DRC Signals Possible Fuel Price Hike as Global Oil Markets Stay Under Pressure

The Democratic Republic of Congo is considering changes to domestic fuel prices as the war in the Middle East continues to disrupt global oil markets.

The move follows a meeting on Thursday, April 2, between Prime Minister Judith Suminwa Tuluka, Minister of State for Hydrocarbons Acacia Bandubola and National Economy Minister Daniel Mukoko Samba.

After the meeting, Mukoko Samba said the government was closely monitoring fuel supply conditions amid severe global disruption.

We must take all necessary steps to ensure continued access to the petroleum products we need and maintain supply,” he said. “That may require adjusting fuel prices to align with global trends.”
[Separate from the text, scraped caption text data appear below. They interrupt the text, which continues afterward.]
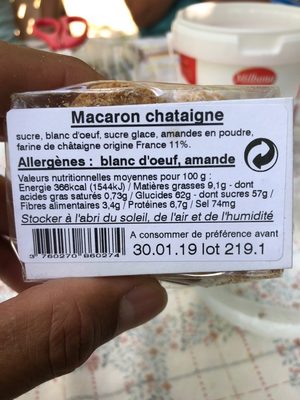 Macaron chataigne front packaging
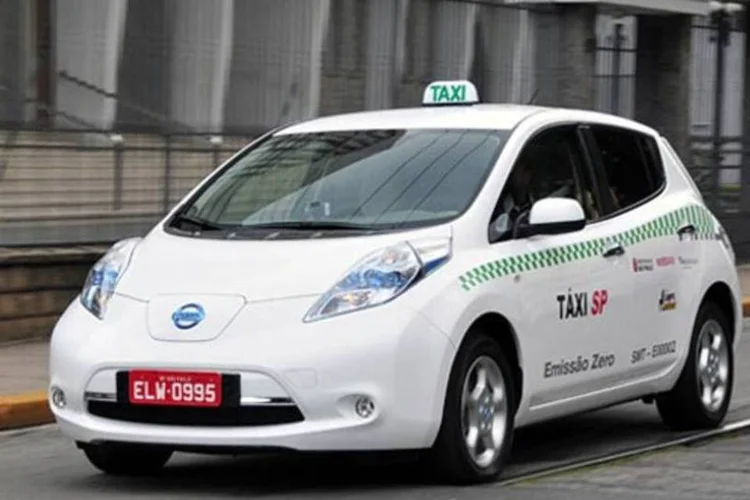 
	Nissan Leaf: o Nissan Leaf &eacute; o mais vendido de sua categoria no mundo inteiro, com 50 mil unidades, e suas baterias t&ecirc;m uma autonomia de 160 quil&ocirc;metros.
 (Divulgação)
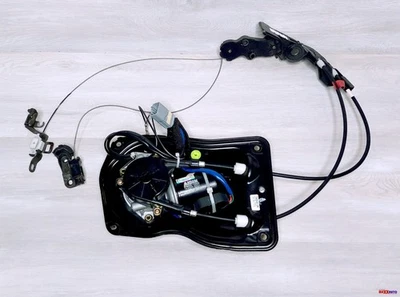 2004-2010 TOYOTA SIENNA XLE LIMITED REAR RIGHT SLIING DOOR MOTOR WITH CABLES OEM - Image 1 of 4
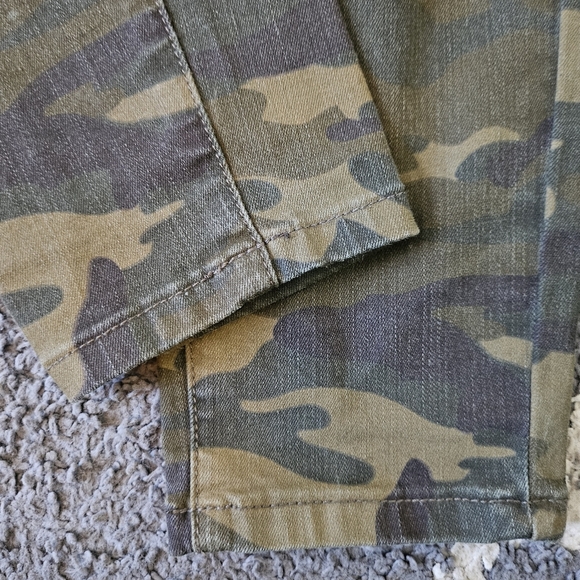 Judy Blue Skinny Fit Mid Rise Distressed Camo Jeans Size 27 - Picture 9 of 9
He added that the government also aims to preserve domestic market stability. “Across the region, fuel prices are rising,” he said.

The statement comes as authorities try to balance supply security with protecting consumers. As early as March, the prime minister ordered temporary measures to cushion the impact of external shocks.

These include cuts to certain taxes, the suspension of some border levies and steps to ensure steady imports. The aim is to limit the impact of rising global prices at the pump while maintaining fuel deliveries to the domestic market.

Mining firms already paying market rates

Some adjustments have already been implemented. On March 17, 2026, the Fuel Price Monitoring Committee approved a new pricing structure in the southern zone for mining companies and their subcontractors, which do not benefit from subsidies.

In that zone, diesel prices rose from $1.70 to $2.43 per litre, an increase of nearly 43%, while gasoline prices increased from $1.60 to $2.08, up 30%.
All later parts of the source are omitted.